Tangled was last year's Frozen in our household, even though Stacey was just 3. It was one of her first movies, and she fell in love with Rapunzel, just like all the other little girls that saw it. It didn't seem to have quite the marketing power behind it like Frozen does this year, but it is a total delight to watch. [Related: Did you hear the theory that these Disney movies are in cahoots? That sure does look like Rapunzel's haircut!] [Also related: Why does everything circle back to Frozen for me these days??]
Anyway, when Stacey turned four last June, I had been baking cakes semi-seriously for a couple years at that point, and I was feeling ready to tackle something pretty big for her birthday. Four is still a bit early to be forming long-term memories, but I felt like a big, fun cake might start to build the foundation for the memories yet to be created in her childhood and beyond.
I have a flashbulb memory about a cake that my mom made when I was little (and thanks to Psych 101, I also have a flashbulb memory of learning about flashbulb memory). Since my brother and I share summer birthdays, my mom had the brilliant idea one year for us to have a shared birthday party. We must have been turning 6 and 8, or right around that age. I don't remember being terribly thrilled about sharing a birthday party with my brother, but I do remember understanding that a shared birthday party meant a bigger, better party than I ever would have gotten on my own.
This party was at a skating rink in San Antonio, where we lived at the time. It was the early 80s, the heyday of roller rinks. This was a Big Deal to me.
And the cake. Oh, the glorious cake. Our mom made us an alligator cake, cut out of rectangular sheet cakes, piped with millions of tiny green stars with what must have been Wilton's 16 star tip. And he had candy corn teeth. I wanted those teeth most of all, but I don't think I got a piece with those candy corn teeth.
I wish I had a picture of that cake. I wonder what it would look like in comparison with the picture in my memory.
But back to where I was going with this, don't we all have memories and pictures of ourselves with our cakes? Pictures of our tiny, adorable toddler selves with our earliest birthday cakes, pictures of our painfully awkward teenage selves with our first boy-girl birthday cakes, pictures of our (nearly) grown-up selves with our wedding cakes, pictures of our gracefully aging selves with all those birthday cakes that span the decades of our lives?
Cakes help us mark our milestones. And cakes that are made and served with love are the best kind of cakes in the world.
I truly adore making cakes for friends and family, and I feel strangely honored and humbled when one of my cakes gets to be a part of a special celebration, because I feel like the cake is an integral, intimate piece of the day. I have always felt like this, even before I started this semi-serious baking hobby.

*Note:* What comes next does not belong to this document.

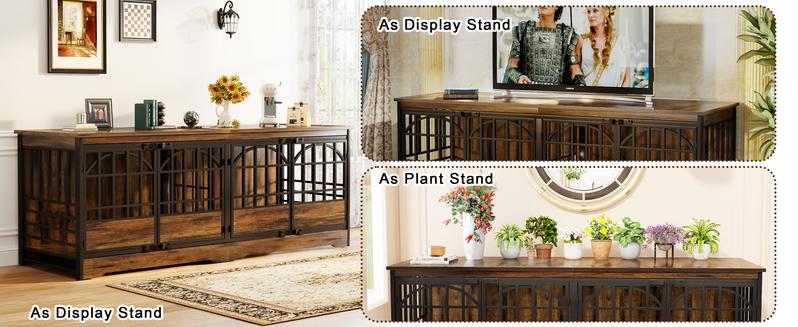 COZPAW 86 Inch Double Dog Crate Furniture for 2 Dogs, Decorative Dog Kennel Indoor TV Stand, Heavy Duty Wooden Dog Cage for Large Medium Dogs Sized Dog Pet House with Divider (Brown)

Before Jennifer Julie Cakes existed, my cakes (like so many people's) were simple Duncan Hines affairs, straight from a box mix and a can of whipped frosting.
I remember baking Stacey's 1st birthday cake ON her birthday. It was a Friday night, and we had invited Andrew's folks to dinner to celebrate her birthday (or, in my mind, to celebrate our new little family surviving that first year). I hadn't had the wherewithal to bake ahead of time, so after a stressful Friday at work, we rolled into the house at 6pm, and I threw a Duncan Hines cake in the oven.
But even though it was late, and even though I had company waiting, I was bound and determined to bake her first birthday cake. I wasn't about to give up that privilege just because I had had a long week.
I barely had time to let the cake cool before it was time to eat, so I plastered on a can of frosting (and sadly watched it melt around the sides of a cake still warm from the oven), and scribbled on Happy Birthday with one of those gel icing tubes. Look at that blobby B from where there was a bubble in the icing tube!
But after I pulled myself together, that's when the magic took over.
As it turns out, it didn't matter.
It was my girl's first birthday, and she was having her first taste of cake. Cake that I had made. We had all survived that first year, and we were all going to be just fine.
For her second birthday, Stacey requested a pink piggy cake. Here he his, with his little ear falling off and being supported by toothpicks:
Some of us sew our kids Halloween costumes. Some of us read favorite books ad nauseam. Some of us spring for live princess actresses to come to our kids' birthday parties. Some of us build our kids treehouses. Some of us hand-paint furniture for our kids' rooms. Some of us pick the nicest present we can afford. And some of us make our kids cakes.